= Eastern Ring Road =

Proposed highway in Hobart, Tasmania

The proposed link road.

The Eastern Ring Road is a proposed link between the South Arm Highway and the East Derwent Highway, within the greater area of Hobart, Tasmania. The idea behind the proposal is to see a continuous route from South Arm to the Bowen Bridge without the need to travel via the Tasman Highway. The proposal would see Flagstaff Gully Road extended to the north to meet up with the East Derwent Highway. The idea was first investigated in 1995 when Ratio Consultants did a study on the proposed link. They considered four options for the link, the most popular choice would connect to the East Derwent Highway between Geilston Bay and Risdon Vale. Ratio concluded that constructing any of the options would most likely produce an unacceptable level of visual landscape, ecological, heritage and water quality impacts.

In 2005 during the Clarence City Council elections, Alderman Doug Chipman lobbied the State and Federal governments for the construction of the proposed link road.

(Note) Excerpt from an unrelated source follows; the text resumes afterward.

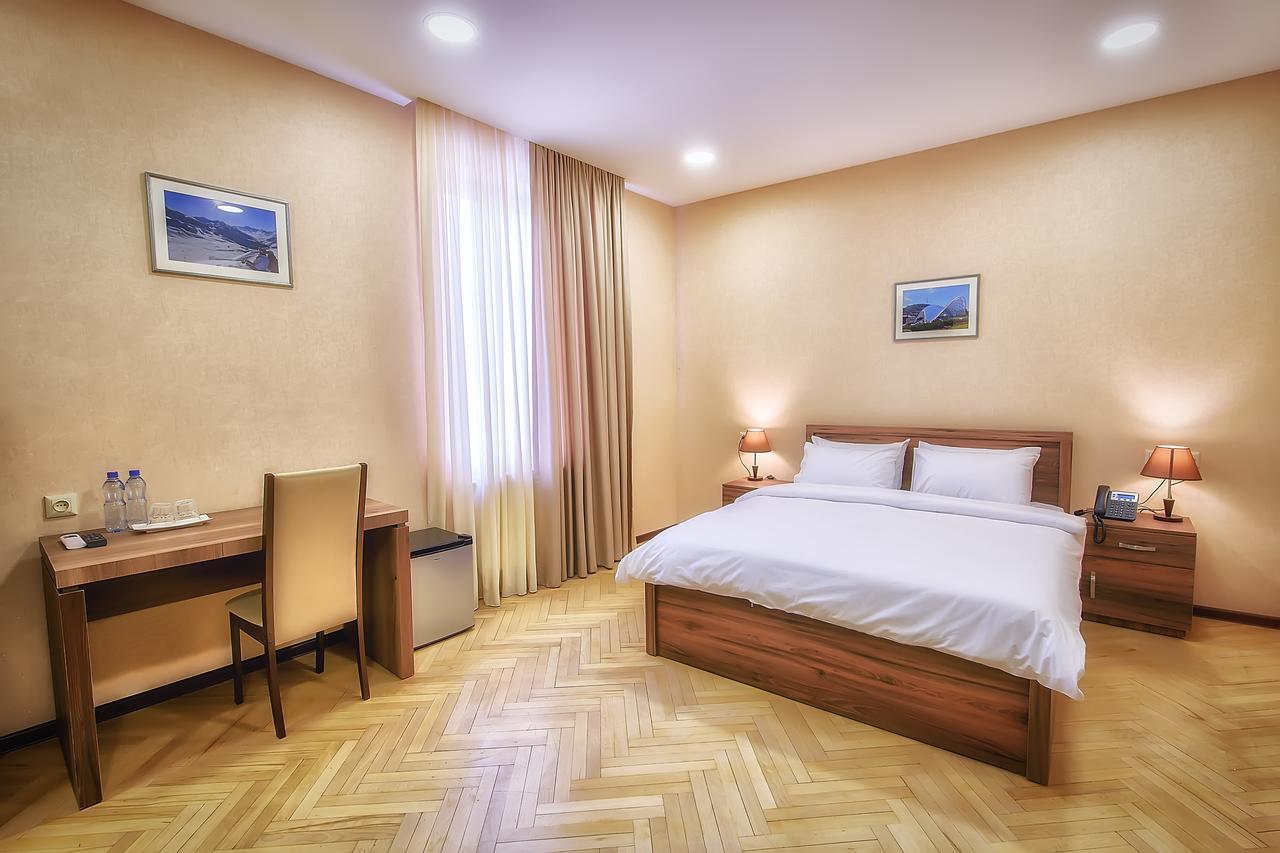 Green Corner Hotel ティビリシ エクステリア 写真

A link road between the Tasman Highway and the Bowen Bridge will be needed in the future to take the pressure off Begonia Street, Gordons Hill Road, the East Derwent Highway, and the Tasman Bridge/Brooker Highway
 — Doug Chipman

Alderman Chipman also said at the time that while a Flagstaff Gully Link road may not be necessary right now, it probably will be in the next decade. Ald. Chipman suggested that planning should now be undertaken to ensure that when the road is needed, the government will have acquired the land, and informed anybody developing new properties in the area that the road will be built.
In 2007 the Clarence City Council backed the proposal to extend the existing Flagstaff Gully Road. The council argued that, as this new road will be linking 2 state highways, it should be a state government responsibility. However, the state government saw it as a council issue.